Each line of the records containing "Image" is to be copied out and returned.

[Data extracted from a collection]

• • •

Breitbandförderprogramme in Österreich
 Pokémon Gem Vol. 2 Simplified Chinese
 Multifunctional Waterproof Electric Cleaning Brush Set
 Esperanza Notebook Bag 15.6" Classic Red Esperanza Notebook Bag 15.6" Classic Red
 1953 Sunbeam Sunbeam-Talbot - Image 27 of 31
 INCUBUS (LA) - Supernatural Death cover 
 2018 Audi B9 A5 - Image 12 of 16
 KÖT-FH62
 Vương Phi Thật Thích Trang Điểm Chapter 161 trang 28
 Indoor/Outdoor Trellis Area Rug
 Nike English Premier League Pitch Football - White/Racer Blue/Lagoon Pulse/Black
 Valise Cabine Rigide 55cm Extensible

• • •

SOLUTION FOR THIS TASK ▸
 1953 Sunbeam Sunbeam-Talbot - Image 27 of 31
 2018 Audi B9 A5 - Image 12 of 16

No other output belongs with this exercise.